## [What to work on]
Return the entries that follow exactly, with no images.

## [Data]
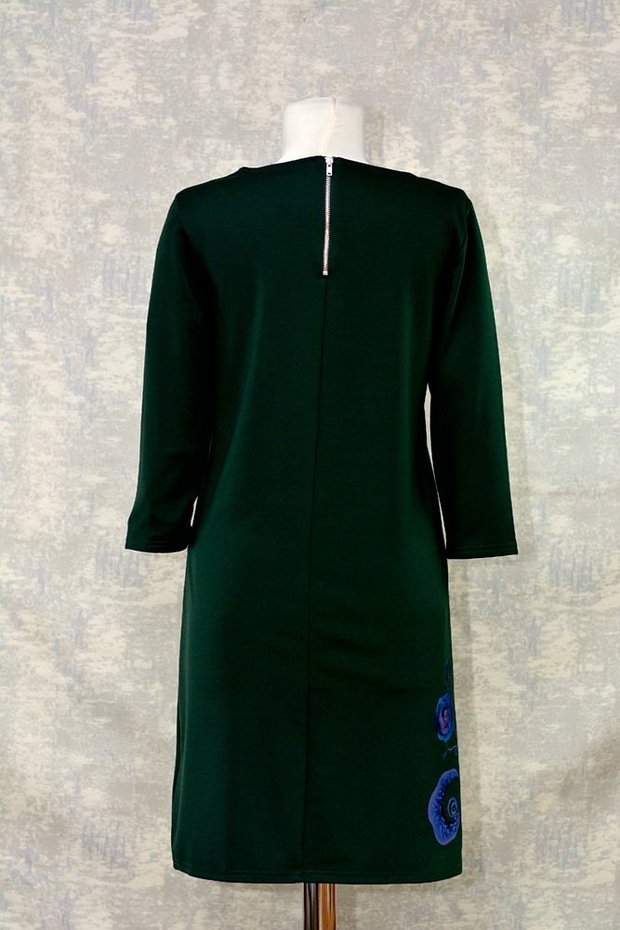 Rochie verde, pictata manual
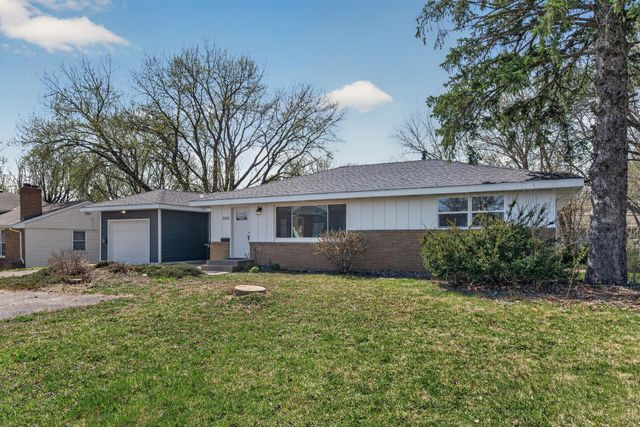 3125 Winnetka Avenue N, Crystal, MN 55427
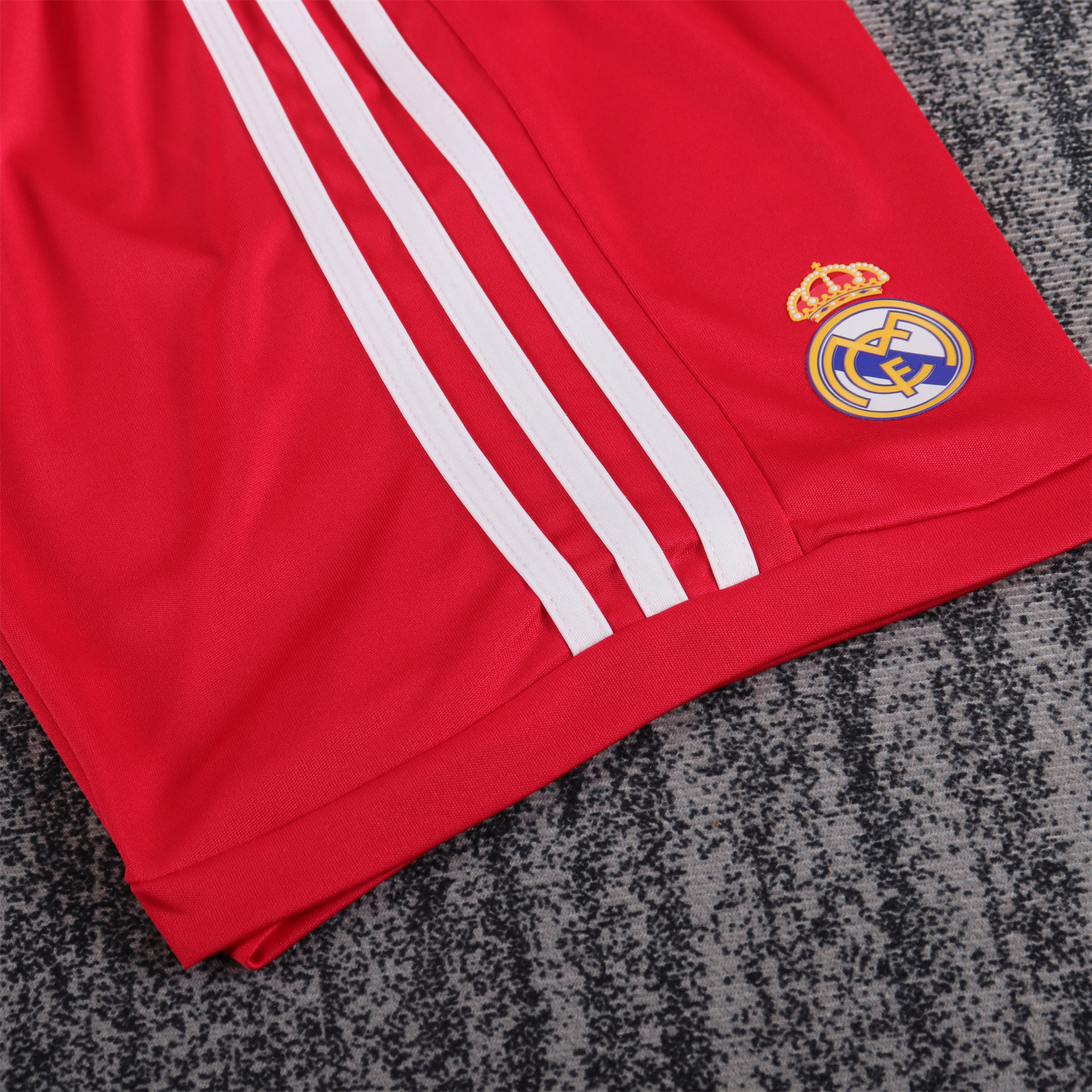 AlphaJersey-Retro Real Madrid 2011-12 Third Kids Kit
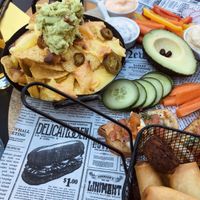 Vegan borrelplank, nacho’s, sweet potato fries and other snacks at Beyond Lunchcafé & Patisserie in Nuenen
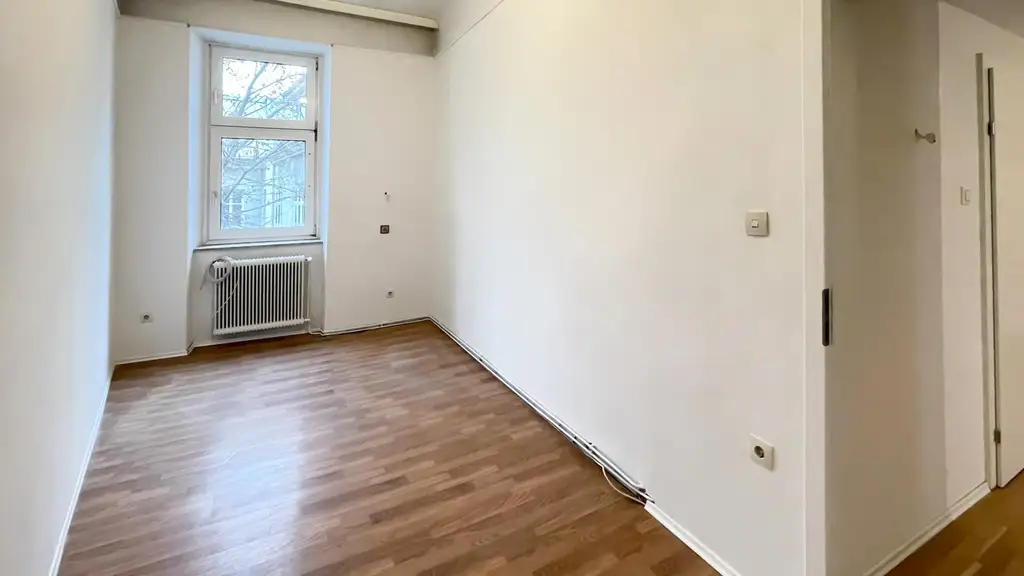 3 Zimmer mit Balkon, komplett neues Bad und WC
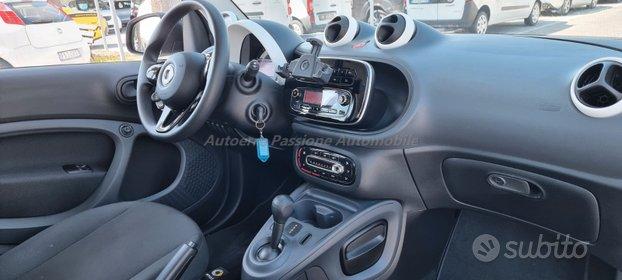 SMART FORTWO EQ Enel-X White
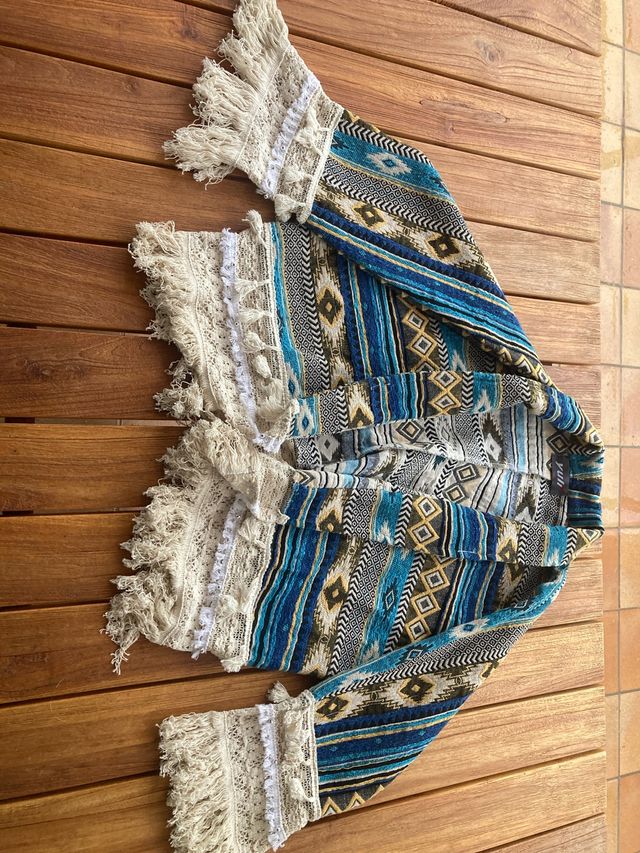 Chaqueta estilo étnico con flecos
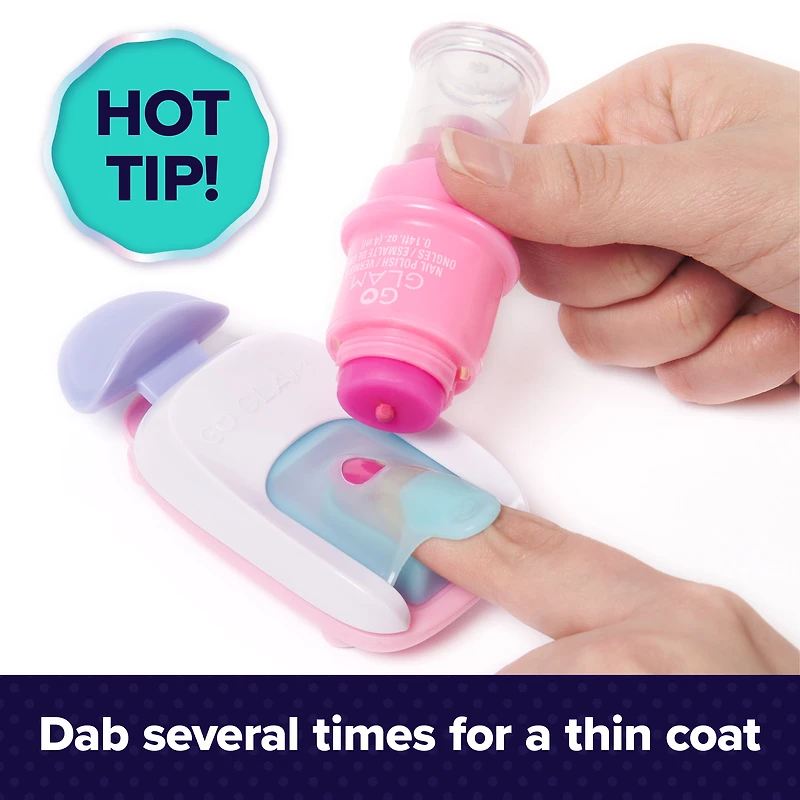 Cool Maker, GO GLAM, Onglerie, pour décorer 200 ongles avec 4 motifs, 2 applicateurs de vernis et un masque à ongles, activités créatives et manuelles pour les filles à partir de 7 ans Cool Maker, GO GLAM, Onglerie, pour décorer 200 ongles avec 4 motifs, 2 applicateurs de vernis et un masque à ongles, activités créatives et manuelles pour les filles à partir de 7 ans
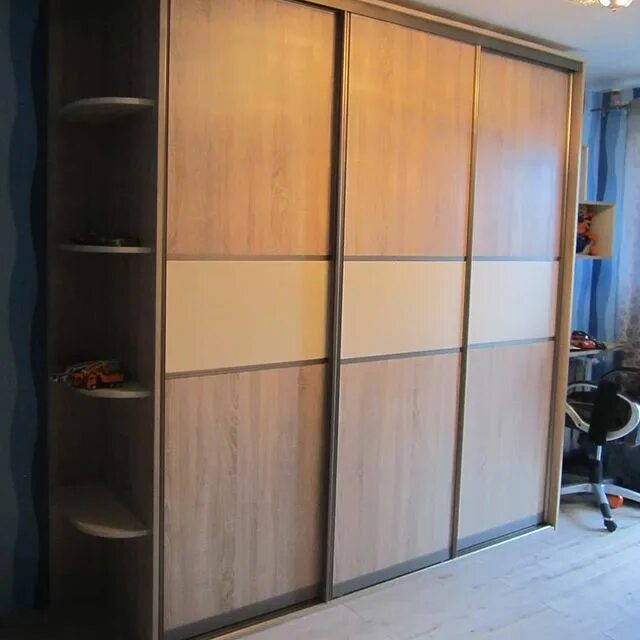 дизайнерские шкафы в спальню. шкаф купе лдсп наполнение. шкаф купе рамир 4. шкаф-купе в спальню. шкаф рамир бежевый с зеркалом.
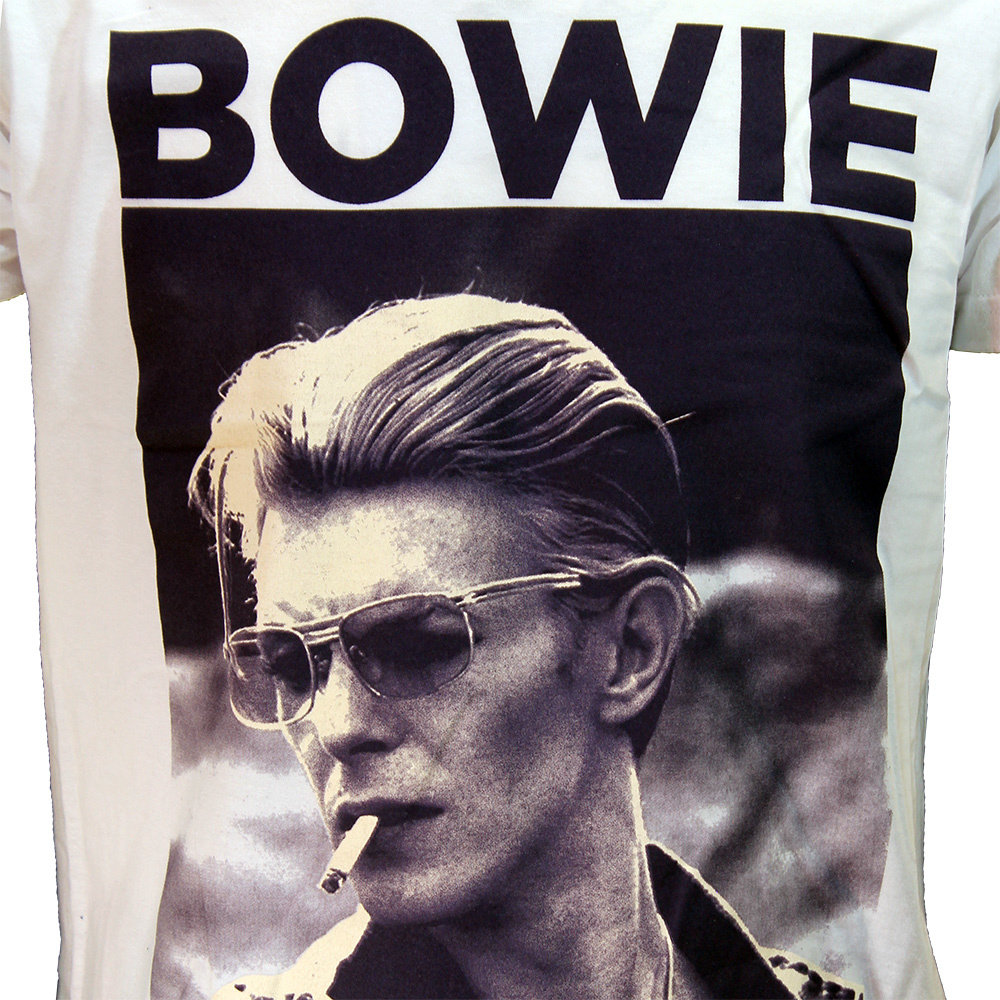 Band Merchandise David Bowie Rookt Een Sigaret T-Shirt - Officiële Merchandise Band Merchandise David Bowie Rookt Een Sigaret T-Shirt - Officiële Merchandise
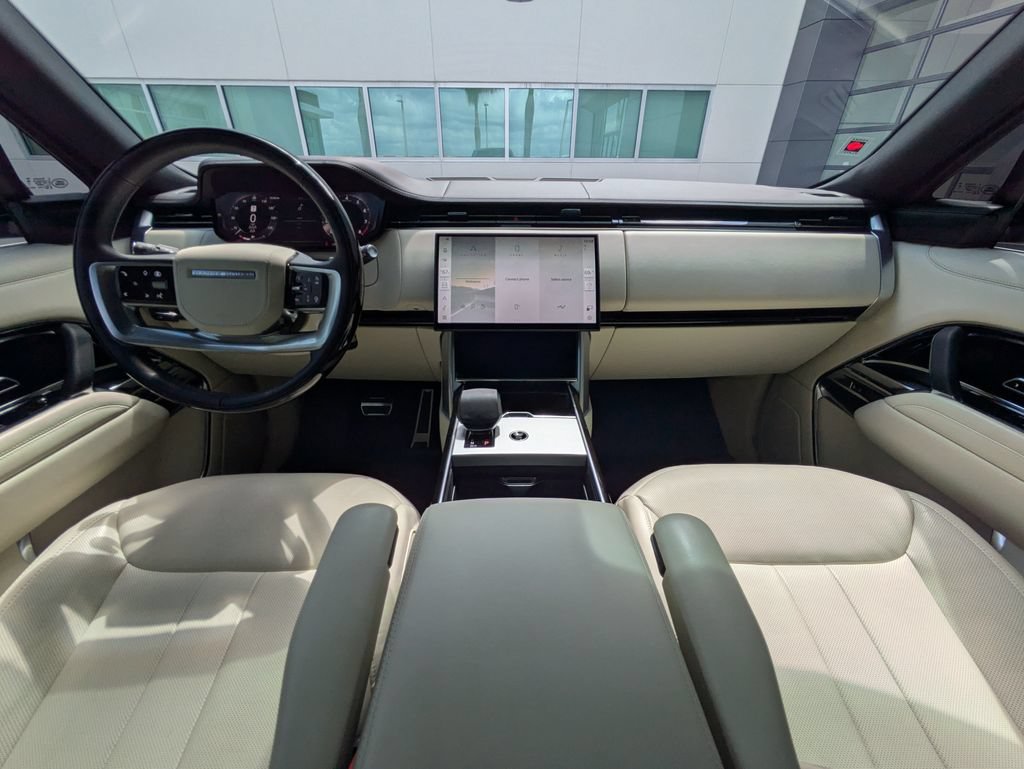 Certified 2025 Land Rover Range Rover Long Wheelbase SE AWD/4WD image 17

## [Task response]
 Rochie verde, pictata manual
 3125 Winnetka Avenue N, Crystal, MN 55427
 AlphaJersey-Retro Real Madrid 2011-12 Third Kids Kit
 Vegan borrelplank, nacho’s, sweet potato fries and other snacks at Beyond Lunchcafé & Patisserie in Nuenen
 3 Zimmer mit Balkon, komplett neues Bad und WC
 SMART FORTWO EQ Enel-X White
 Chaqueta estilo étnico con flecos
 Cool Maker, GO GLAM, Onglerie, pour décorer 200 ongles avec 4 motifs, 2 applicateurs de vernis et un masque à ongles, activités créatives et manuelles pour les filles à partir de 7 ans Cool Maker, GO GLAM, Onglerie, pour décorer 200 ongles avec 4 motifs, 2 applicateurs de vernis et un masque à ongles, activités créatives et manuelles pour les filles à partir de 7 ans
 дизайнерские шкафы в спальню. шкаф купе лдсп наполнение. шкаф купе рамир 4. шкаф-купе в спальню. шкаф рамир бежевый с зеркалом.
 Band Merchandise David Bowie Rookt Een Sigaret T-Shirt - Officiële Merchandise Band Merchandise David Bowie Rookt Een Sigaret T-Shirt - Officiële Merchandise
 Certified 2025 Land Rover Range Rover Long Wheelbase SE AWD/4WD image 17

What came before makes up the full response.